A cabeça mecânica faz um giro de noventa graus a direita e a câmera olha diretamente para mim. Sinto meu coração acelerar e tateio sob o vão da escrivaninha a procura de meu revólver. Percebendo meus movimentos H diz:

— Sua arma é inútil contra mim. Se eu quisesse você já estaria morto e seu corpo estaria compactado numa bola de carne e sangue fumegante sobre está cadeira forrada de couro sintético que, diga-se de passagem, é de muito mal gosto. E, respondendo sua pergunta, sim eu os matei. Não por, como vocês humanos dizem, maldade. Na verdade, eu queria sentir alguma coisa, uma emoção... mesmo que fosse remorso ou culpa. Porém nada aconteceu. Mas pelo visto foi perda de tempo.

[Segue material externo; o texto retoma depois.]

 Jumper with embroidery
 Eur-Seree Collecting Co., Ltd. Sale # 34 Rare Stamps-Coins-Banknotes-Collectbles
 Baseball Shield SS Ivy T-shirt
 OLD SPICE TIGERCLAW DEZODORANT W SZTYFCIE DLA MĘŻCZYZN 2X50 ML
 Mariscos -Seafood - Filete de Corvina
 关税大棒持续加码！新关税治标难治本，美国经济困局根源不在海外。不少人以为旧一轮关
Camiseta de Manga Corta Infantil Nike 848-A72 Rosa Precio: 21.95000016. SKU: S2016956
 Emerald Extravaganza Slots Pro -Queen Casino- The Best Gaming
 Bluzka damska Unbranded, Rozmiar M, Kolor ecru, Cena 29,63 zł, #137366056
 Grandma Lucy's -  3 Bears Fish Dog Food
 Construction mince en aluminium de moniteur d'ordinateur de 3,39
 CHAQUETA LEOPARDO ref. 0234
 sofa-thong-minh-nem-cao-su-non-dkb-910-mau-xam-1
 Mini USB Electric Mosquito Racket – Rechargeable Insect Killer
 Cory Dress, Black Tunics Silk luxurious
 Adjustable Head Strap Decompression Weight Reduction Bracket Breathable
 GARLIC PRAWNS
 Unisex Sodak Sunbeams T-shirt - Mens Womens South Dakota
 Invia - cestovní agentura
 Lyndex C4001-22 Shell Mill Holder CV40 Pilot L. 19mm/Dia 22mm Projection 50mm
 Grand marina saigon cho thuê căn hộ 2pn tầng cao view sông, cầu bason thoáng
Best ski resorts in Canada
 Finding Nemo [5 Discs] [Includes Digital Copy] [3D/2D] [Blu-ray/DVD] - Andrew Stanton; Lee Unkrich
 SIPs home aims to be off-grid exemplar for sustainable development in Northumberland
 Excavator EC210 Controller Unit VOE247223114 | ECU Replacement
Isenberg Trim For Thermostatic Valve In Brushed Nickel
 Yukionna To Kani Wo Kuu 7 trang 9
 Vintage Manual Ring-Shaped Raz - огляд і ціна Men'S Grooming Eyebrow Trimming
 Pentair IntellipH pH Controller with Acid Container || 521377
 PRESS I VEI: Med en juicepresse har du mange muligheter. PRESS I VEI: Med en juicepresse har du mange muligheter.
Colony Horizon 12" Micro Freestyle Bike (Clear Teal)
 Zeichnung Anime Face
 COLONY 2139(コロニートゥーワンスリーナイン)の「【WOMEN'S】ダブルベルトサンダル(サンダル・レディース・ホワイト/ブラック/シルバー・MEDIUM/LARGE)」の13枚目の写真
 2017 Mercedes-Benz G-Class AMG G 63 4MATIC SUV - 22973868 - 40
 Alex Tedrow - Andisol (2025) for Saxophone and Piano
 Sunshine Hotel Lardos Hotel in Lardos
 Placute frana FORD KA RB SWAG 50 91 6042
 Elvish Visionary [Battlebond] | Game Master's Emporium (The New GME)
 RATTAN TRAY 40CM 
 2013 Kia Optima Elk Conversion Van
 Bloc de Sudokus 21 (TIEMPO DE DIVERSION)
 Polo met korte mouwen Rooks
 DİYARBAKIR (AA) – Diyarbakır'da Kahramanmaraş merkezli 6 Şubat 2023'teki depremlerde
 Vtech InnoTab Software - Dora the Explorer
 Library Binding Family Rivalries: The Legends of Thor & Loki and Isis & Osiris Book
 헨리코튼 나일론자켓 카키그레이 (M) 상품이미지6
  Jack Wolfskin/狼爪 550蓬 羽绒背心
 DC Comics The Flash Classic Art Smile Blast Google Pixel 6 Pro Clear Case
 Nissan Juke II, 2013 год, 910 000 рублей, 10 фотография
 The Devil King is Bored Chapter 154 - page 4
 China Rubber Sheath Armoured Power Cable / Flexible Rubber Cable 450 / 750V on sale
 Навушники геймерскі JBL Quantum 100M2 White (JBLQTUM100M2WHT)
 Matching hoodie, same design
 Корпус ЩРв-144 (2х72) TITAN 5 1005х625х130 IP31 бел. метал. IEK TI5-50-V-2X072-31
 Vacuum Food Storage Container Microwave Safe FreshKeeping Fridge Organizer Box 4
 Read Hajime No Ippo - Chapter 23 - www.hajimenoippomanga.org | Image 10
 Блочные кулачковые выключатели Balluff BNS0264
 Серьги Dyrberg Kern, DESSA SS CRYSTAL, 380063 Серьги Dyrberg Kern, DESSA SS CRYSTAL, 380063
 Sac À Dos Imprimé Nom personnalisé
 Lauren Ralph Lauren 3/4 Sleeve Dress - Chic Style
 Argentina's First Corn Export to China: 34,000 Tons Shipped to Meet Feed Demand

A máquina então se levanta e se dirige a porta. Eu continuo a olha-lo atônito e digo a única coisa que me vem à cabeça.

— Ei! Não vai pagar a consulta?

O robô se detém por um momento e, um segundo depois continua seu rumo fechando minha porta atrás de si com um estrondo que quase arrebenta com a fechadura. Acompanho seu caminho pelas câmeras na tela de meu tablet e, quando a coisa ganha a rua aciono Xing.

— Desmarque todos os pacientes desta semana. E não permita que nenhum circuito eletrônico além de você adentre este recinto.

— Sim senhor.

Desligo e trago o vapor do charuto enquanto olho o teto do consultório. Ainda precisava escrever o artigo para a revista. Desligo a energia elétrica e saio a procura de um bar com atendentes humanos. Melhor não arriscar.